I'm sure this is an easy thing to do, but I can't seem to get it right. My 
first question is:  Is there a way to set the intercept of a glm to be an 
overall average of the response variable, as opposed to the coefficient 
for a particular term. 

For example, let's say there are 2 variables (1 and 2) with levels A, B, C 
and D, E, F, respectively.  The default glm output provides an intercept 
term that is the coefficient for A*D and seperate terms for B, C, F, B*F, 
and C*F.  My issue is that I don't always have estimates for certain 
interactions.  When I try to predict values for new data using the 
coefficients from the model, predict.glm assumes the NAs are 0 and, 
therefore, those coefficients have the same estimate as the intercept plus 
other main effects for which there are data.  So, if there's an easy way 
to do that, that would be great.  If not...

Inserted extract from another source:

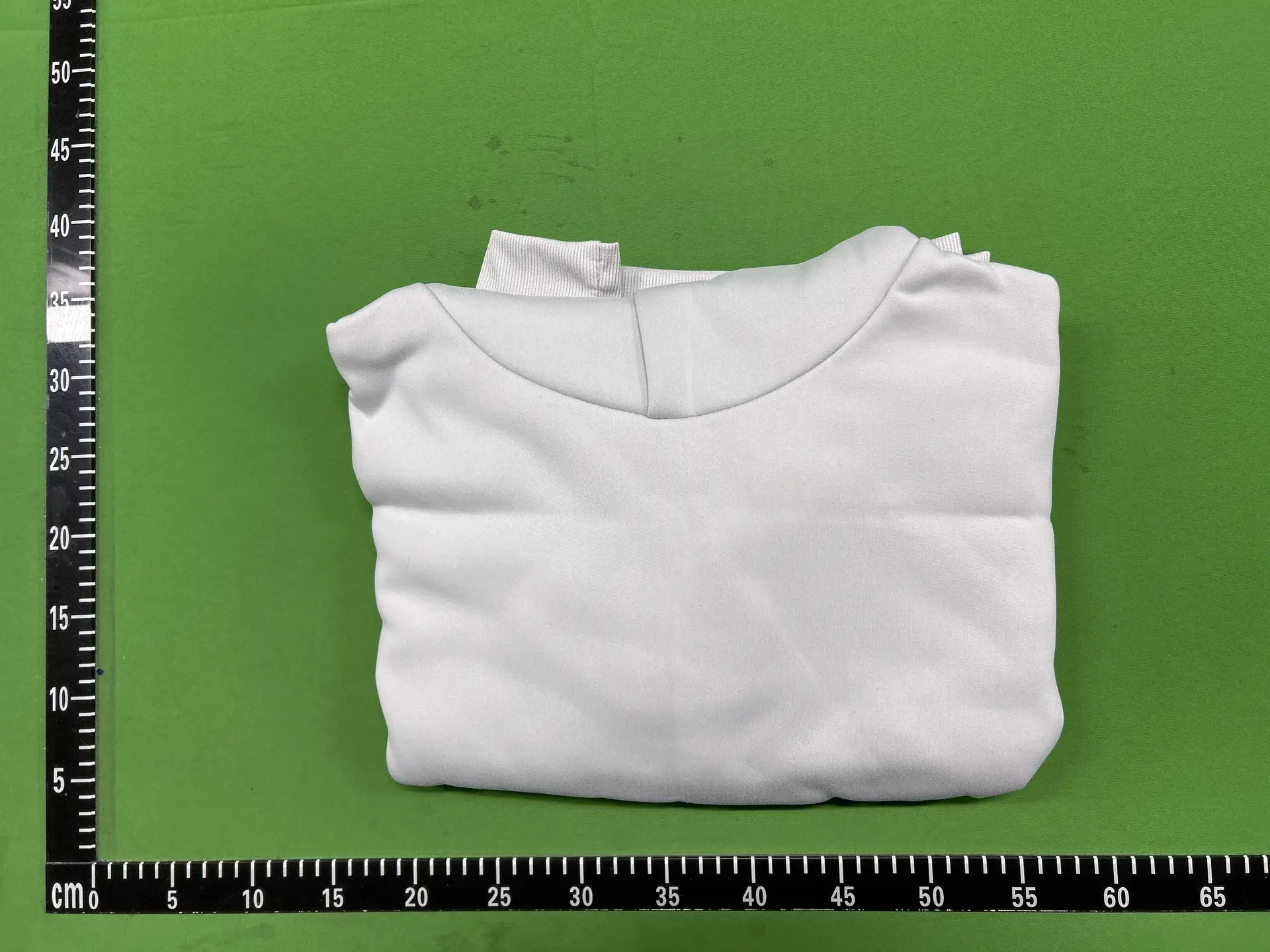 White Crewneck Sweatshirt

...I could do it by changing the design matrix.  I've played with glm.fit 
and model.matrix to create the design matrices, but I'm having trouble 
using them in glm.  I created a matrix and populated it, but when I use 
the saved glm.fit as the "method" argument in glm, I get:
'Error in switch(method, model.frame = return(mf), glm.fit = 1, 
stop("invalid 'method': ",  :switch: EXPR must return a length 1 vector"

EX
glm.fit(x=model.matrix(Y ~ X+Z), y=c(1,...,1))
glm(Y ~ X+Z, family='binomial', method=glm.fit)

So, I guess my question is: How do I include the design matrix so that the 
glm function uses it instead of the default design matrix?